A Cisco router is a DTE by default, but directly connecting two DTEs with a DCE/DTE cable is not enough. In the following example, R1 and R3 are directly connected at their Serial1 interfaces. The line goes up briefly after being opened, but the line protocol goes down after about 30 seconds.

R3(config-if)#int s1

R3(config-if)#ip address

R3(config-if)#no shutdown

2d18h: %LINK-3-UPDOWN: Interface Serial1, changed state to up

2d18h: %LINEPROTO-5-UPDOWN: Line protocol on Interface Serial1, changed state to up


2d18h: %LINEPROTO-5-UPDOWN: Line protocol on Interface Serial1, changed state to down

The problem is that one of the routers needs to act as the DCE in order for the line protocol to come up and stay up. If this were your CCNA / CCNP home lab, you could just go over and look at the DTE/DCE cable to see which router had the DCE end of the cable attached. In this example, though, we don’t have physical access to the routers. How can we tell which router has the DCE end of the cable attached?

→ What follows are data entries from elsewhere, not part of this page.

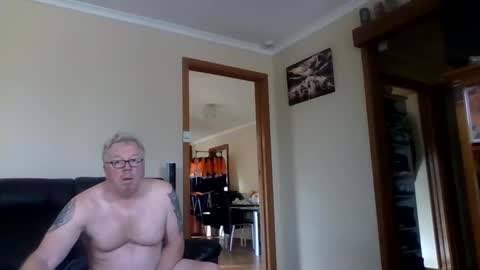 Snapshot of gimmmieoooo chatting on May 2026 12:07:01 AM gimmmieoooo online show from May 2026 12:07:01 AM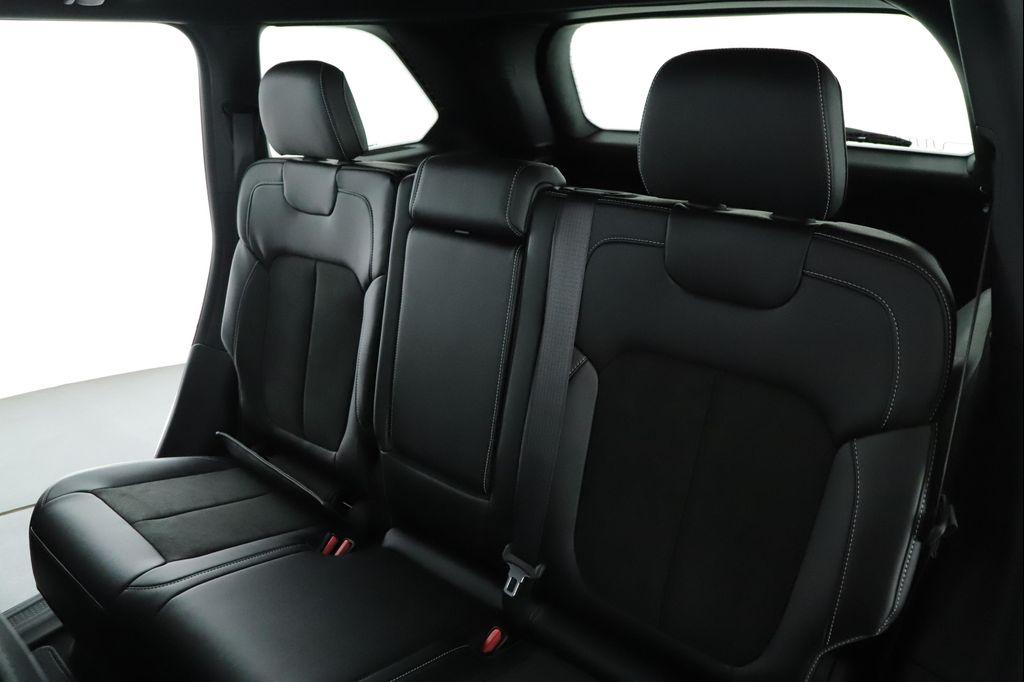 new 2025 Jeep Grand Cherokee car, priced at $46,147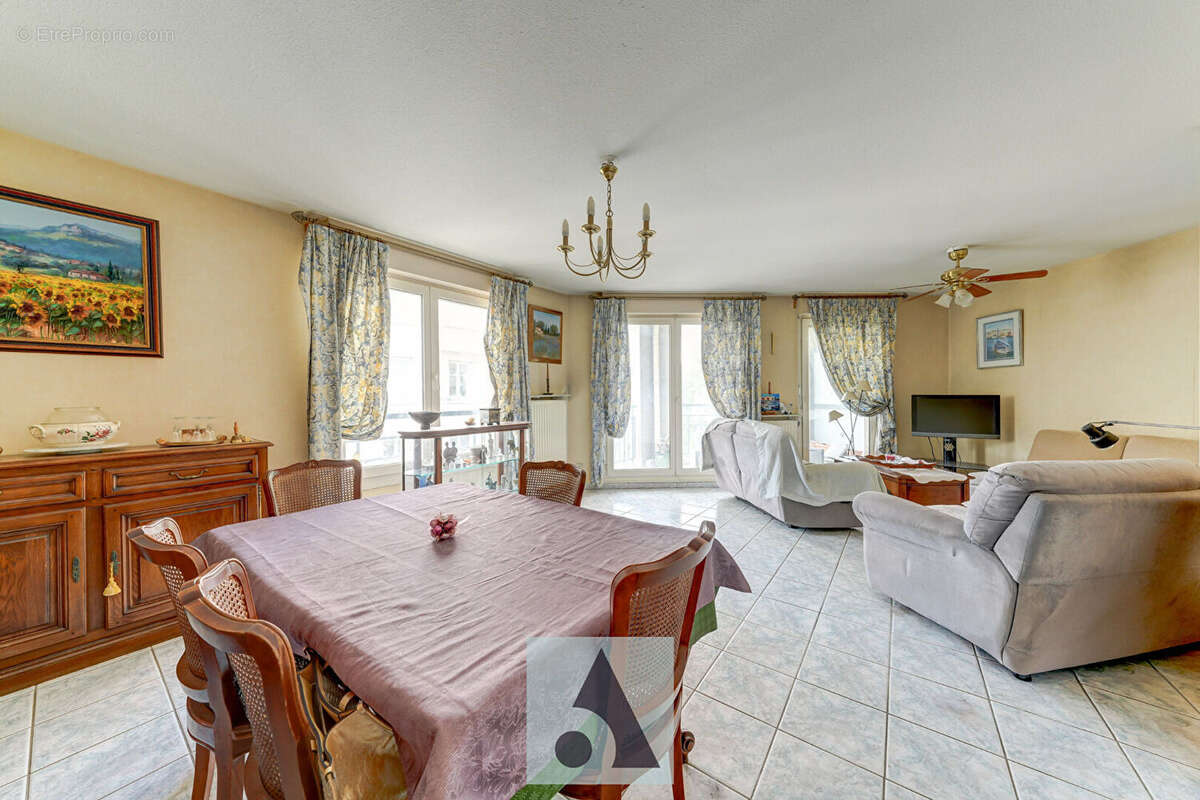 Appartement Lyon 8e - Monplaisir - T4 de 83m² - photo 4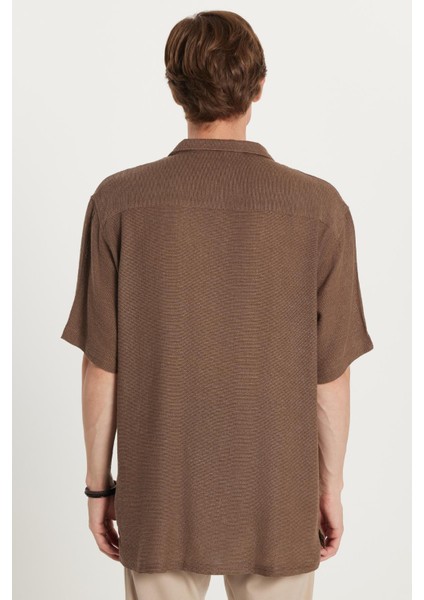 Erkek Relax Fit Apaş Yaka Rustik Kumaş Viskon Pamuk Yandan Açmalı Cep Rahat Kesim Kahverengi Gömlek indirimleri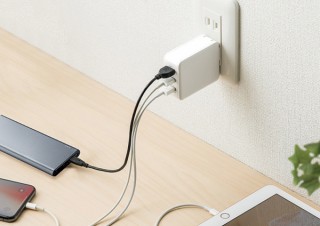 サンワサプライ、スイングプラグを採用したコンパクトな3ポートUSB充電器を発売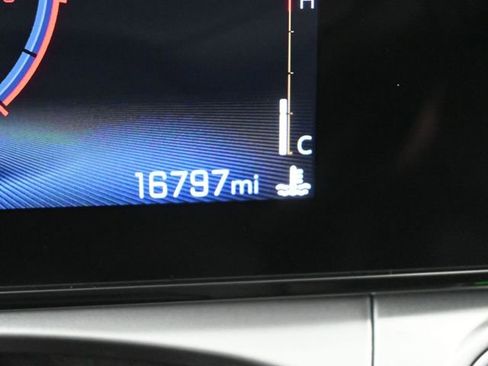 Used 2025 Chevrolet Trax LT w/ LT Convenience Package image 14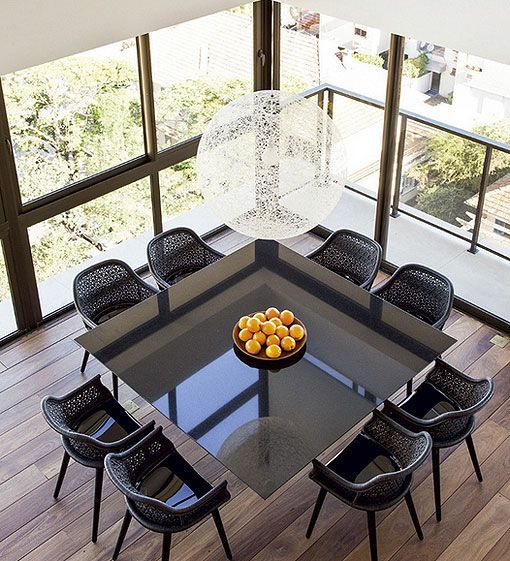 Comedor con mesa de cristal Comedor para ocho personas
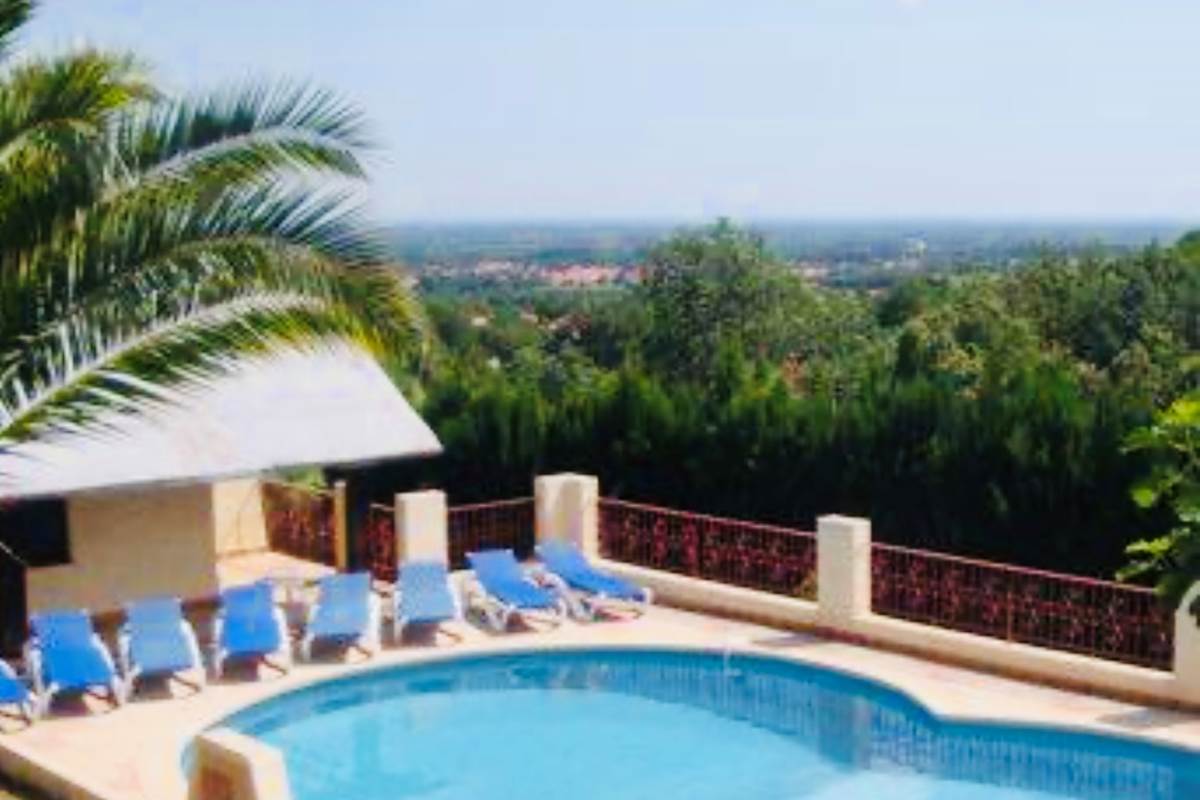 Mas Néoulous piscine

R3#show controller serial 1

HD unit 1, idb = 0x1C44E8, driver structure at 0x1CBAC8

buffer size 1524 HD unit 1, V.35 DCE cable

The show controller command gives us this information. (There’s a lot more output that this with this command, but it’s unimportant for our purposes.) The router with the DCE end of the cable needs to supply a clock rate to the DTE, and we’ll do just that with the interface-level clockrate command.

R3#conf t

Enter configuration commands, one per line. End with CNTL/Z.

R3(config)#int serial1

R3(config-if)#clockrate 56000

2d18h: %LINEPROTO-5-UPDOWN: Line protocol on Interface Serial1, changed state to up

In just a few seconds, the line protocol goes up and stays up.

When troubleshooting a connection, always run show interface first. If you see the combination shown below, the connection is physically fine but logically down. That’s generally the result of a needed keepalive not being present. With Frame Relay, it’s probably an LMI issue, but with directly connected serial interfaces the issue is most likely the DCE end of the connection not supplying clockrate.

R3#show interface serial 1

Serial1 is up, line protocol is down

Troubleshooting is a big part of the job, and it’s a big part of the Cisco CCNA and CCNP programs as well. Know your show and debug commands and you’re on your way to passing the CCNA!